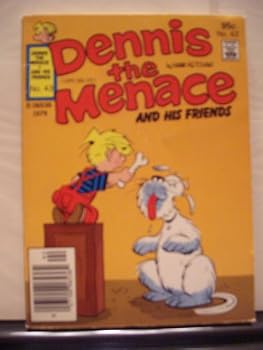 Unknown Binding Dennis the Menace and His Friends No. 43 Book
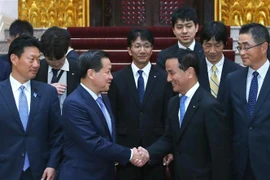 Le vice-PM salue le développement des relations Vietnam-Japon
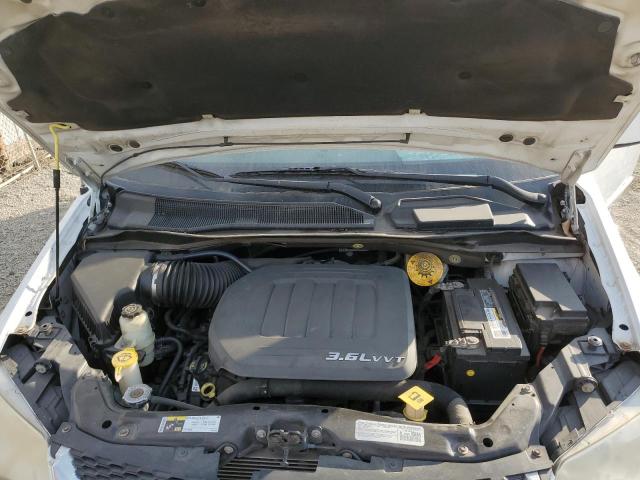 Photo 12 from auction – 2014 DODGE GRAND CARA with VIN 2C4RDGCG0ER267875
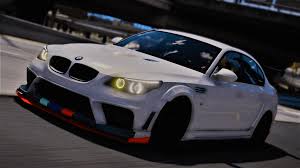 Bmw e60 modified professional installation can be arrange welcome to visit our showroom.we have full range of. Bmw M5 E60 Crazy Exterior Add On Tuning Gta5 Mods Com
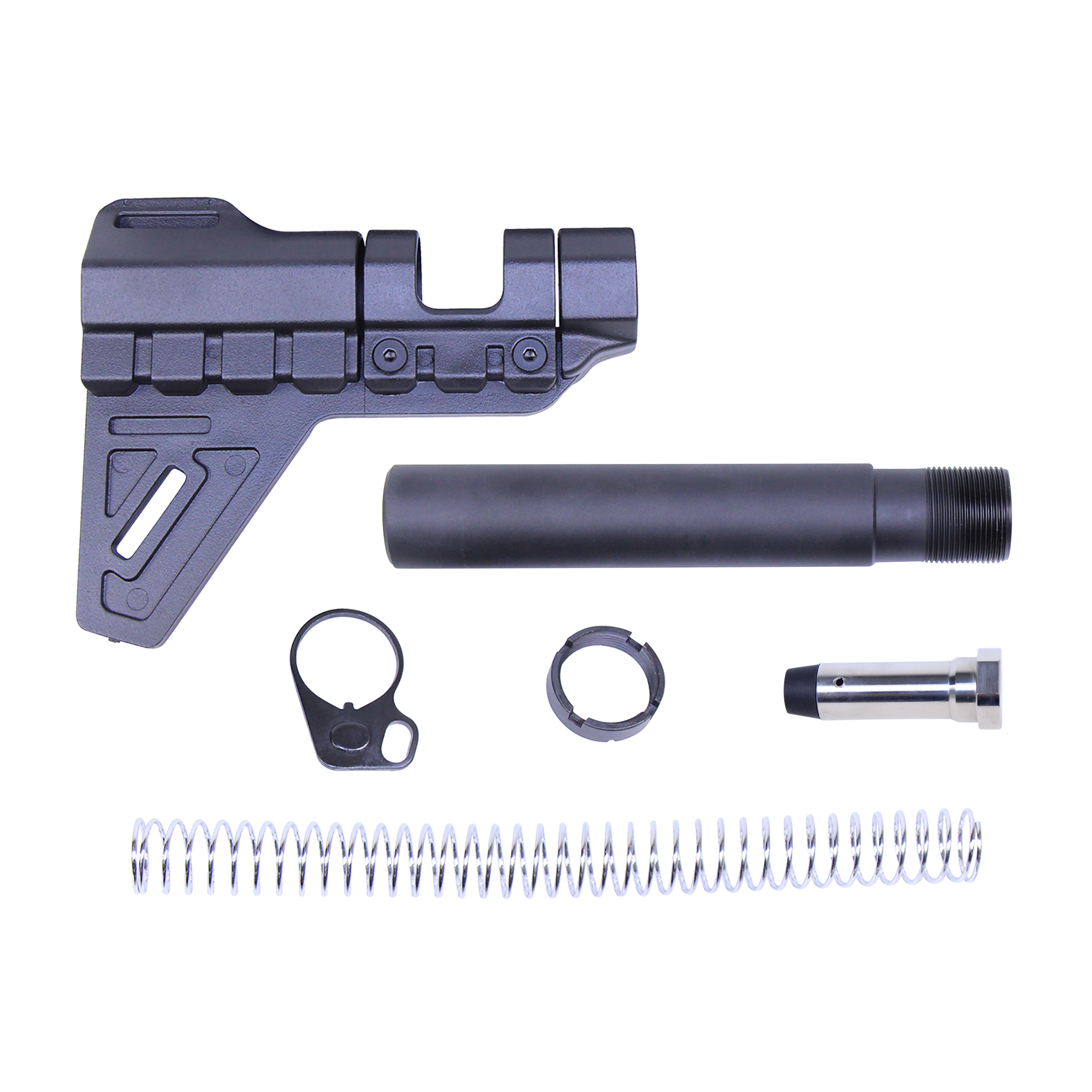 GT-MBPB-308_TT AR .308 Cal Micro Breach Pistol Brace Kit - Image 1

WHAT YOU NEED TO DO: Return every entry of the data above verbatim, with no images included.

YOUR RESPONSE:
 Unknown Binding Dennis the Menace and His Friends No. 43 Book
 Le vice-PM salue le développement des relations Vietnam-Japon
 Photo 12 from auction – 2014 DODGE GRAND CARA with VIN 2C4RDGCG0ER267875
 Bmw e60 modified professional installation can be arrange welcome to visit our showroom.we have full range of. Bmw M5 E60 Crazy Exterior Add On Tuning Gta5 Mods Com
 GT-MBPB-308_TT AR .308 Cal Micro Breach Pistol Brace Kit - Image 1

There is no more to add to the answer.